Jacques Boissinot/LA PRESSE CANADIENNE Lise Thériault.

La semaine dernière, l’Institut économique de Montréal (IEDM) envoyait un communiqué intitulé «La lutte pour les droits des femmes passe par la liberté économique». Dans un élan d’enthousiasme spontané, j’ai interprété le mot «liberté» comme un synonyme d’«autonomie» et j’ai pensé que l’IEDM se positionnait en faveur d’une plus grande reconnaissance de l’apport des femmes dans les ménages où un homme rapporte la majorité des revenus. J’ai même poussé la naïveté jusqu’à imaginer que l’IEDM reconnaissait que l’économie nuisait aux femmes. Puis, j’ai lu la note en question.

L’Institut économique de Montréal est un groupe de réflexion de droite qui valorise une vision néo-libérale de l’économie : le moins d’État possible, et le plus possible de libertés aux entreprises. Pour dire: l’ex-ministre des Finances conservateur Joe Oliver vient d’être nommé «senior fellow émérite» de l’organisation. On sait pas trop ce que ça veut dire, «senior fellow émérite», mais on sait d’emblée que c’est pas un titre que l’IEDM aurait donné à Françoise David ou à Amir Khadir, mettons.
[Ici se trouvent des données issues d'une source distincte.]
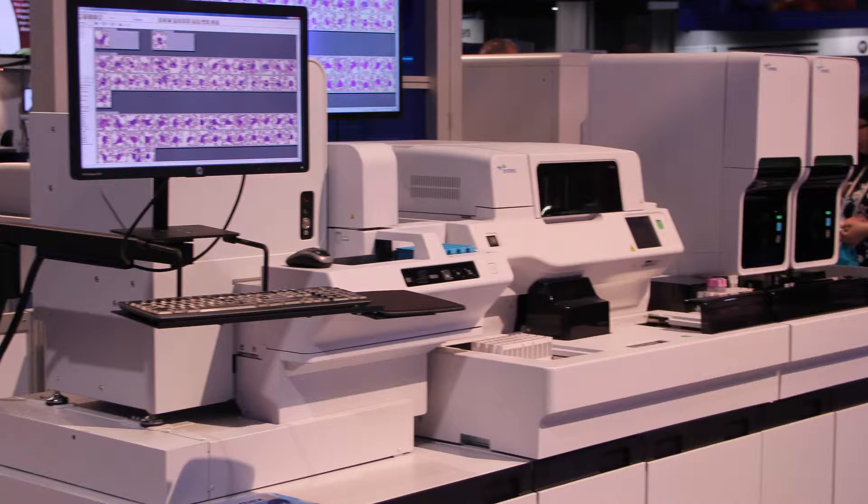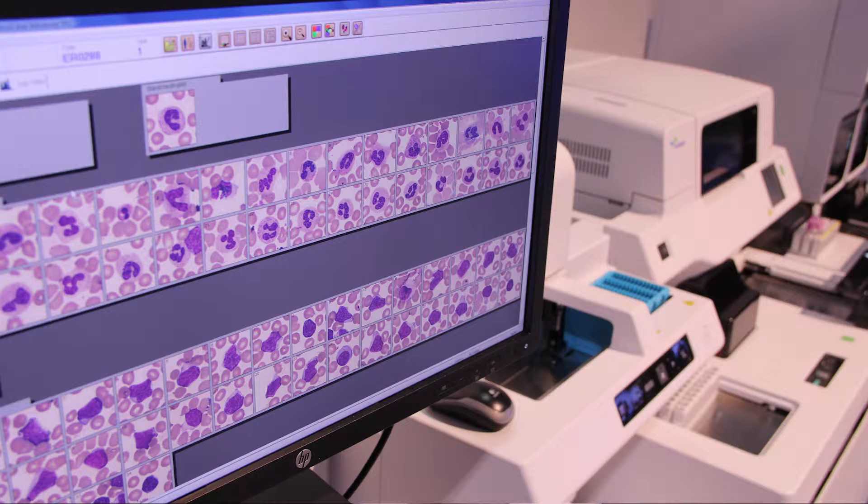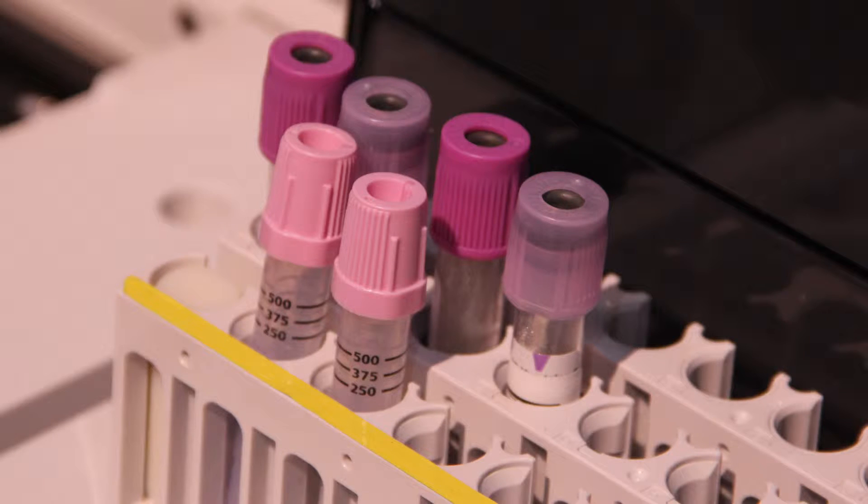Tell us about it. The XN 9000 automation line is a scalable, flexible system to meet the high-volume hematology needs. Its goal is full, continuous flow processing for CBCs and hematology samples. We can run the sample, repeat the sample if needed, make the slide, stain the slide, read the slide on the integrated cell-o-vision, archive the sample through the tube sorter, and even run hemoglobin A1C — all in the same line without any touches of that tube once it goes on the system.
Les notes économiques que l’IEDM publie sont évidemment teintées par son idéologie : le libéralisme économique. Lorsqu’on y parle de «liberté économique», on ne fait pas tant référence à l’émancipation financière des femmes qu’à un système capitaliste néolibéral. Cela conduit l’IEDM à conclure que, dans les pays où le libre marché règne en maître, les femmes jouissent de meilleures conditions. Cette corrélation a été démontée par Eve-Lyne Couturier, chercheuse à l’Institut de recherche et d’informations socio-économiques (IRIS), l’opposé idéologique de l’IEDM. Celle-ci démontre qu’il y a une corrélation beaucoup plus grande entre la qualité de vie des femmes et une meilleure distribution des revenus entre les riches et les pauvres, qu’avec la liberté économique.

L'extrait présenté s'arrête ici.